What the exercise asks: Print every record exactly, omitting all pictures.
* * *
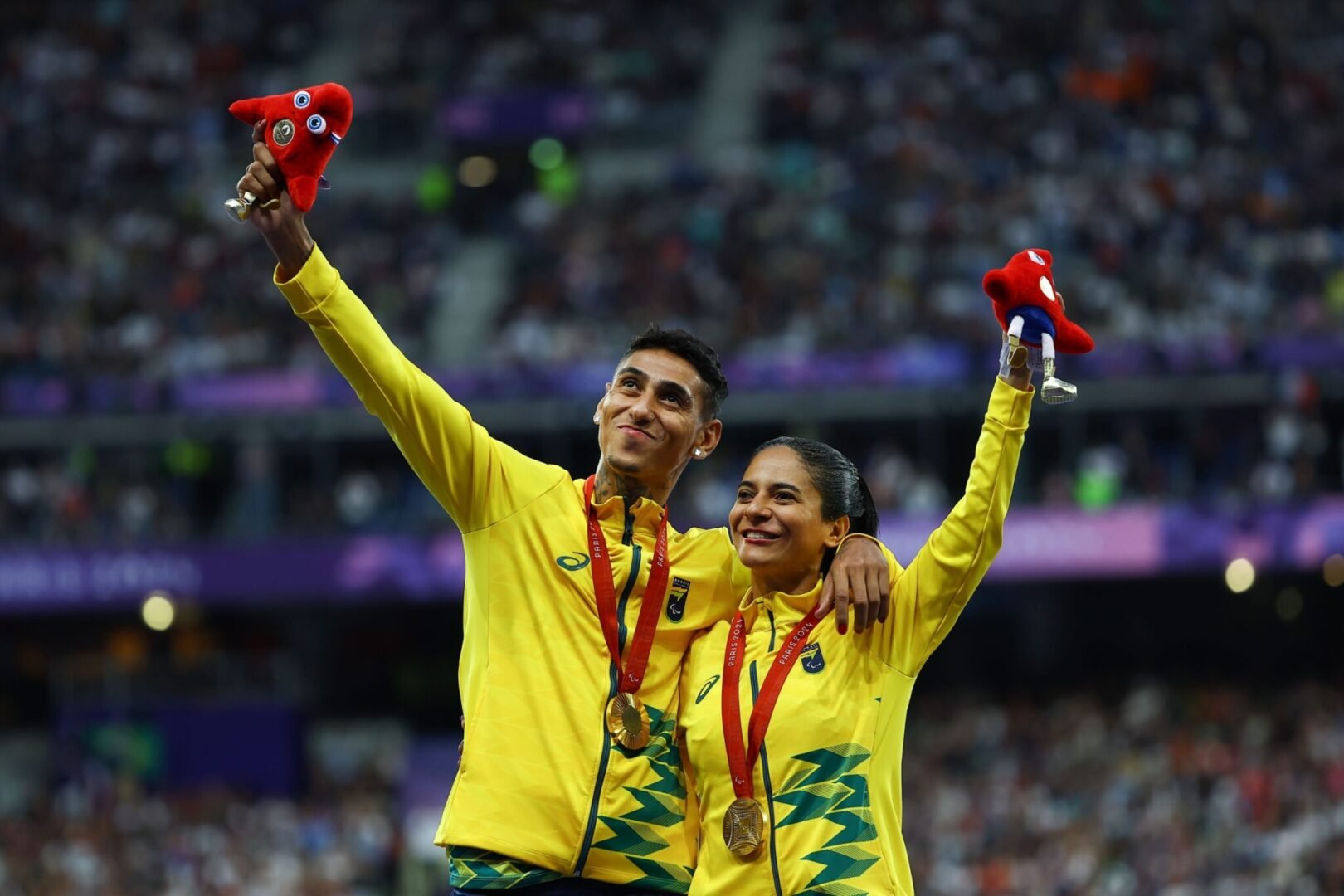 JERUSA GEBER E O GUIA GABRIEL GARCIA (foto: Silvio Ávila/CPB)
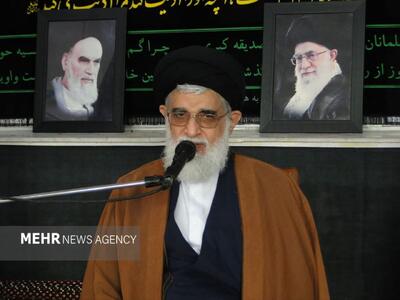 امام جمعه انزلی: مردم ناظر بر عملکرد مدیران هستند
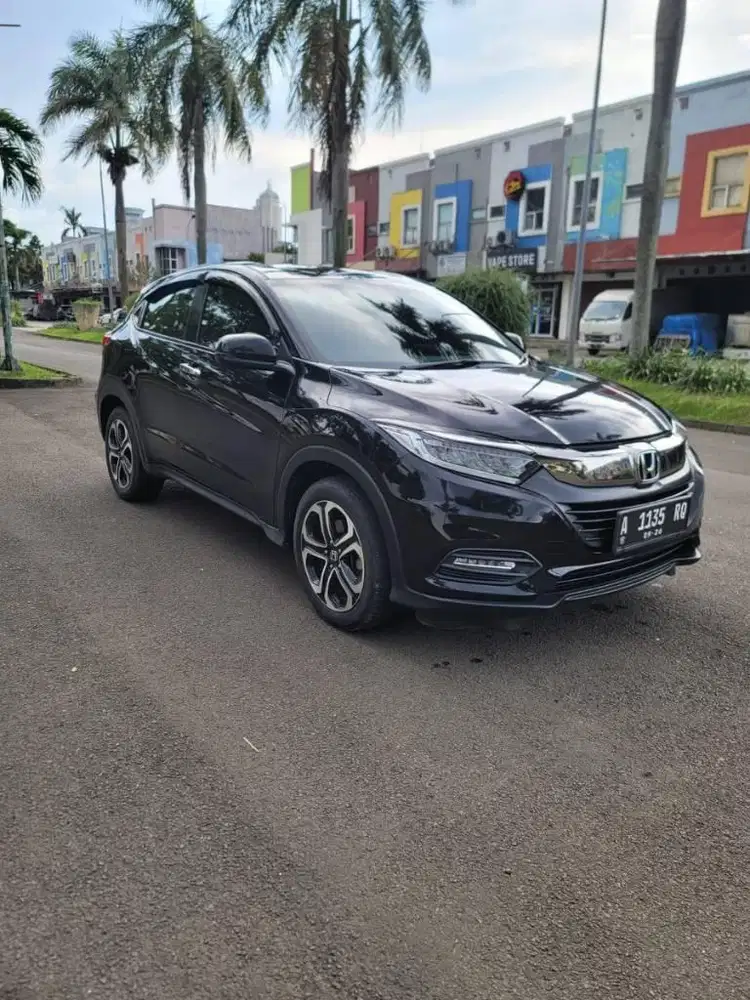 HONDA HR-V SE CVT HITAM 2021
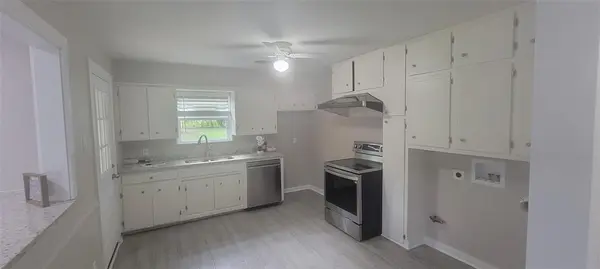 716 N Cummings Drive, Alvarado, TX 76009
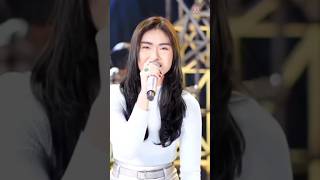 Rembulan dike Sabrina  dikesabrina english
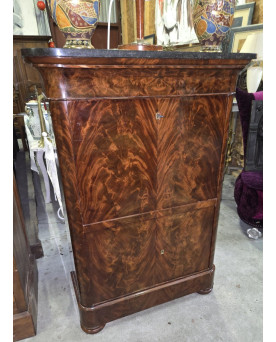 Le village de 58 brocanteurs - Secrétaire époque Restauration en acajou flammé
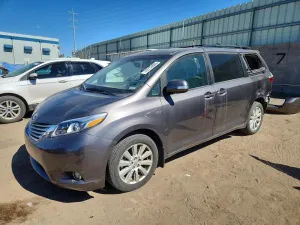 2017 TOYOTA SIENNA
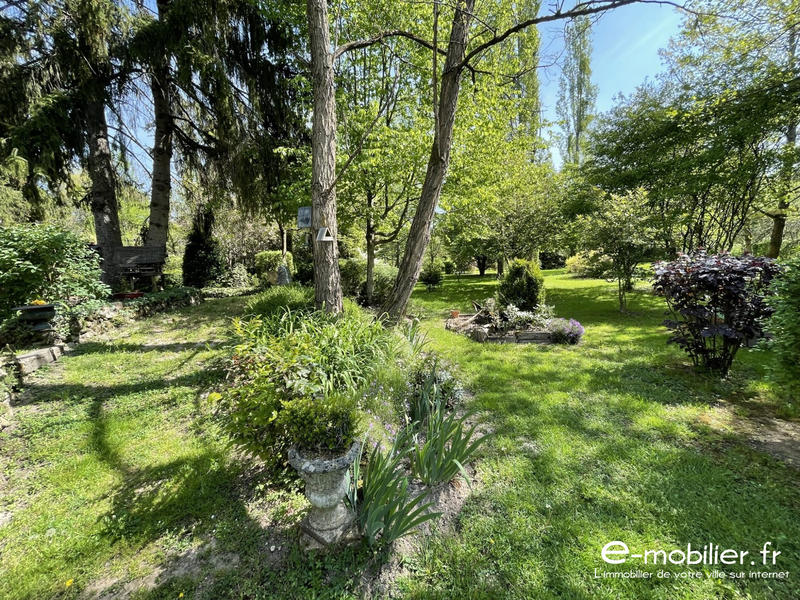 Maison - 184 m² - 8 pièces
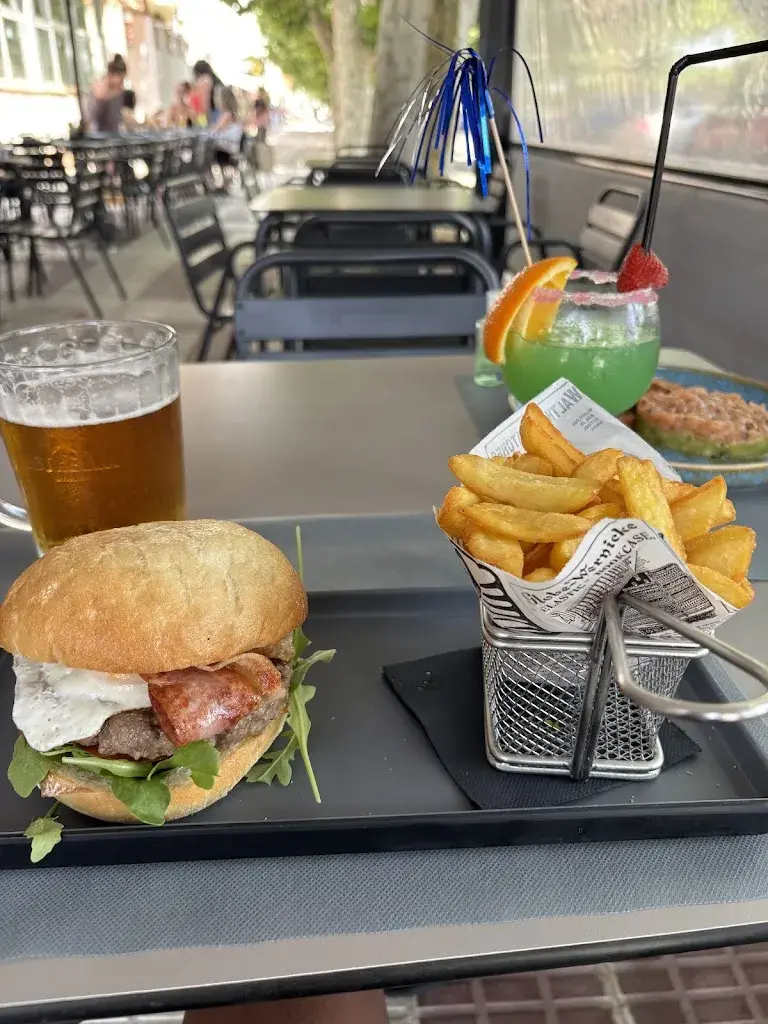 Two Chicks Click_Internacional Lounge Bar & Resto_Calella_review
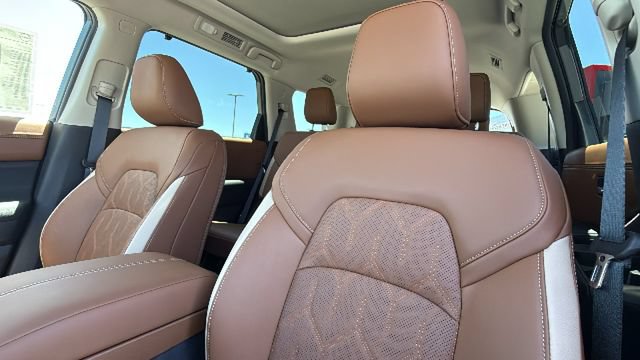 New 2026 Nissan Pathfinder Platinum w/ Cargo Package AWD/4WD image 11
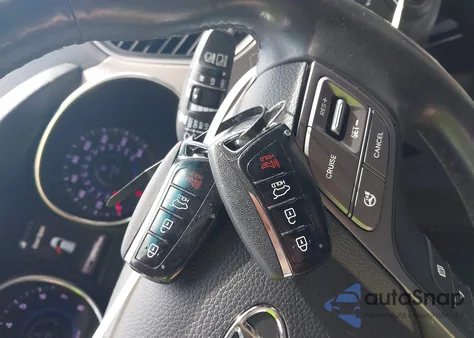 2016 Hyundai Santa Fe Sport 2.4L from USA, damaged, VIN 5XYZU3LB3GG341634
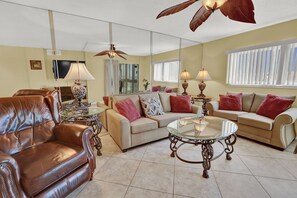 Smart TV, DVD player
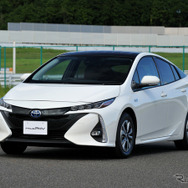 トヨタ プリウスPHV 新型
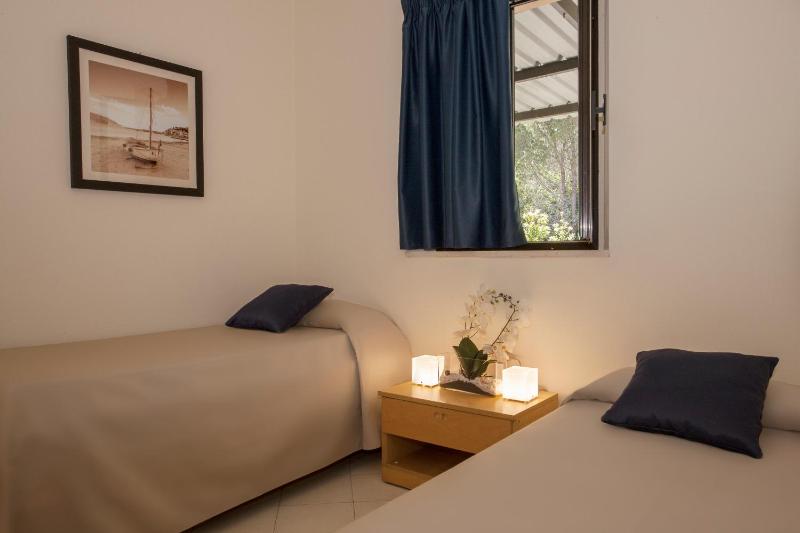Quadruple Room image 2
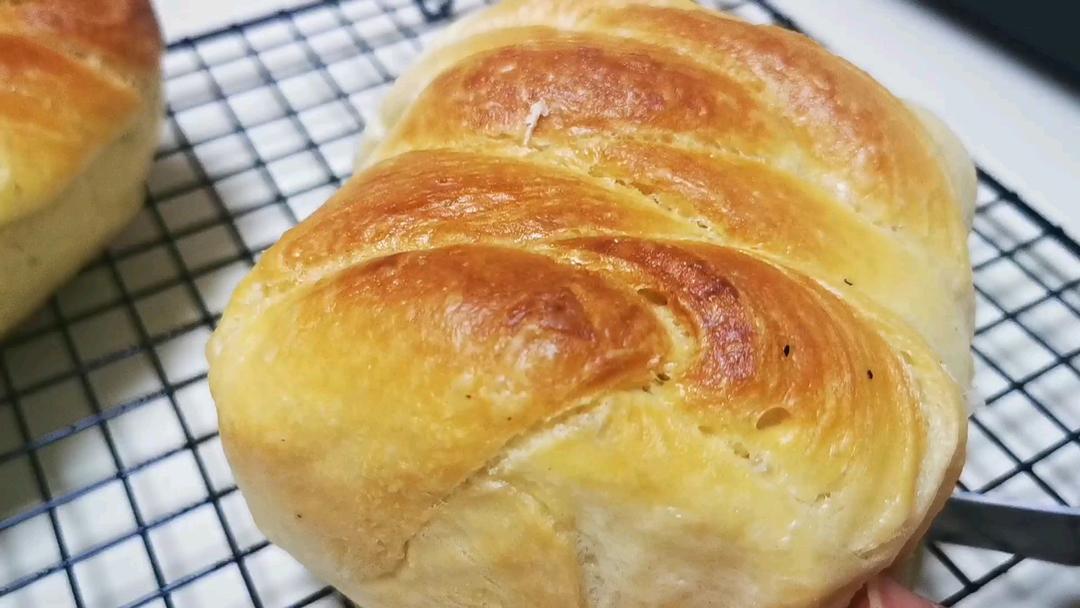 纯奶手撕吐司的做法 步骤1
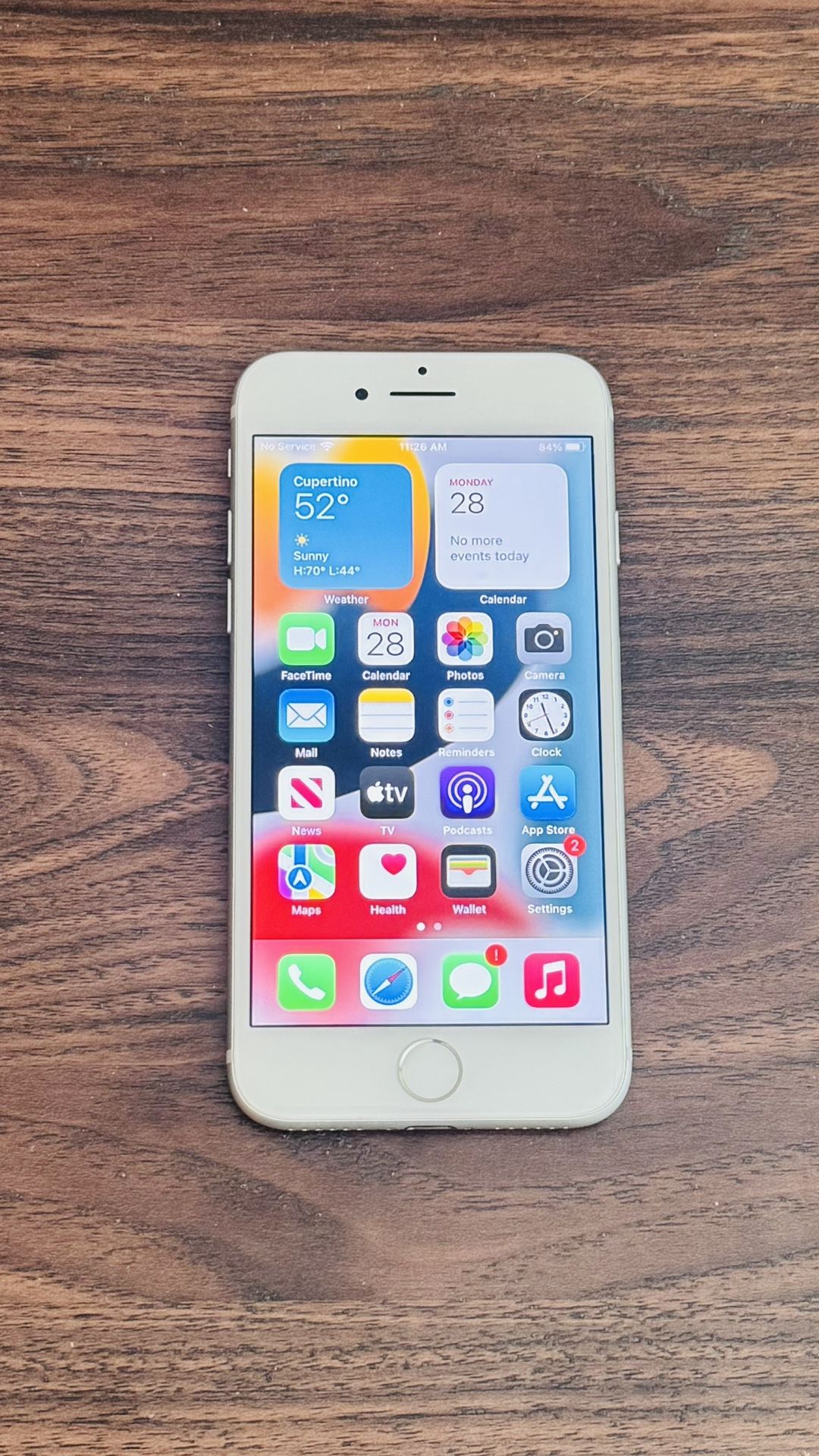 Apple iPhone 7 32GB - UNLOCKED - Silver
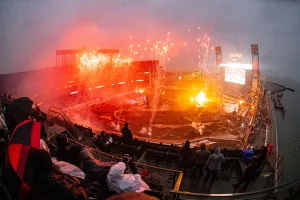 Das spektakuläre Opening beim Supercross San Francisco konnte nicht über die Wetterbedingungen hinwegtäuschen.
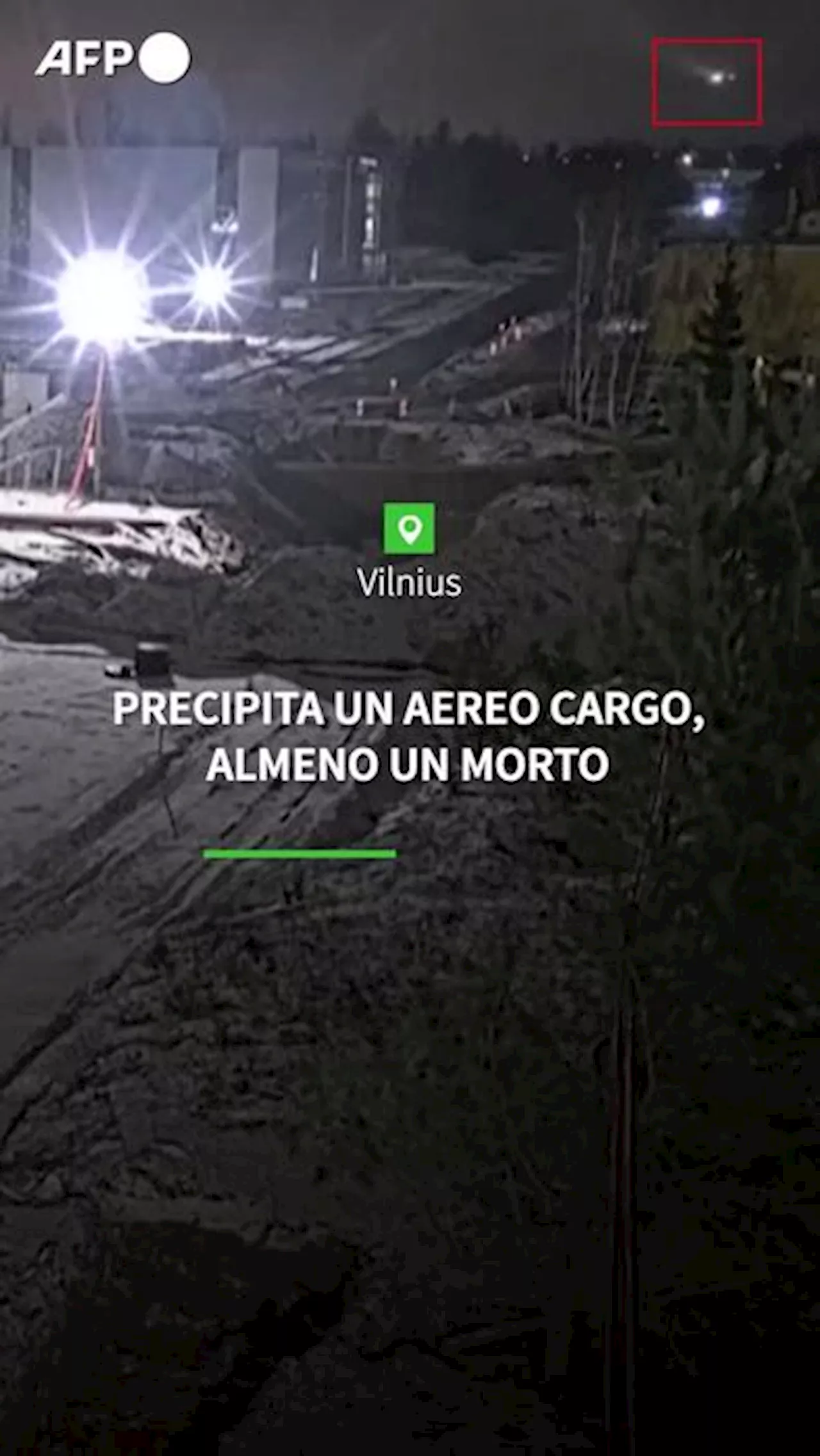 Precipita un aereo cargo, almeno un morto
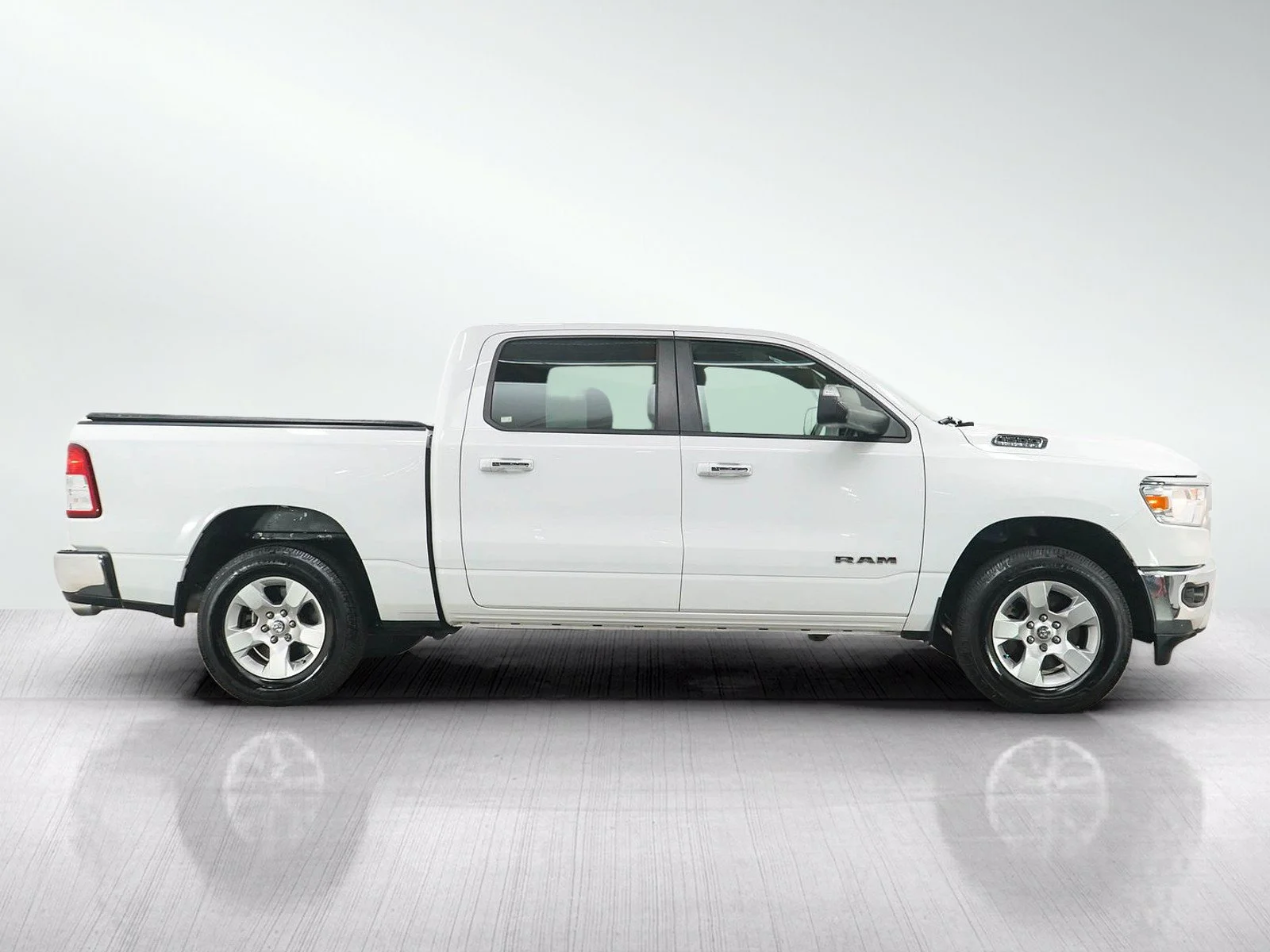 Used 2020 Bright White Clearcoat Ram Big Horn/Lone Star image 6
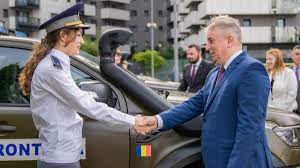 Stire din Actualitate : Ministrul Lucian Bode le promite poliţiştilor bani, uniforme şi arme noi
* * *
Response for this exercise:
 JERUSA GEBER E O GUIA GABRIEL GARCIA (foto: Silvio Ávila/CPB)
 امام جمعه انزلی: مردم ناظر بر عملکرد مدیران هستند
 HONDA HR-V SE CVT HITAM 2021
 716 N Cummings Drive, Alvarado, TX 76009
 Rembulan dike Sabrina  dikesabrina english
 Le village de 58 brocanteurs - Secrétaire époque Restauration en acajou flammé
 2017 TOYOTA SIENNA
 Maison - 184 m² - 8 pièces
 Two Chicks Click_Internacional Lounge Bar & Resto_Calella_review
 New 2026 Nissan Pathfinder Platinum w/ Cargo Package AWD/4WD image 11
 2016 Hyundai Santa Fe Sport 2.4L from USA, damaged, VIN 5XYZU3LB3GG341634
 Smart TV, DVD player
 トヨタ プリウスPHV 新型
Quadruple Room image 2
 纯奶手撕吐司的做法 步骤1
 Apple iPhone 7 32GB - UNLOCKED - Silver
 Das spektakuläre Opening beim Supercross San Francisco konnte nicht über die Wetterbedingungen hinwegtäuschen.
 Precipita un aereo cargo, almeno un morto
 Used 2020 Bright White Clearcoat Ram Big Horn/Lone Star image 6
 Stire din Actualitate : Ministrul Lucian Bode le promite poliţiştilor bani, uniforme şi arme noi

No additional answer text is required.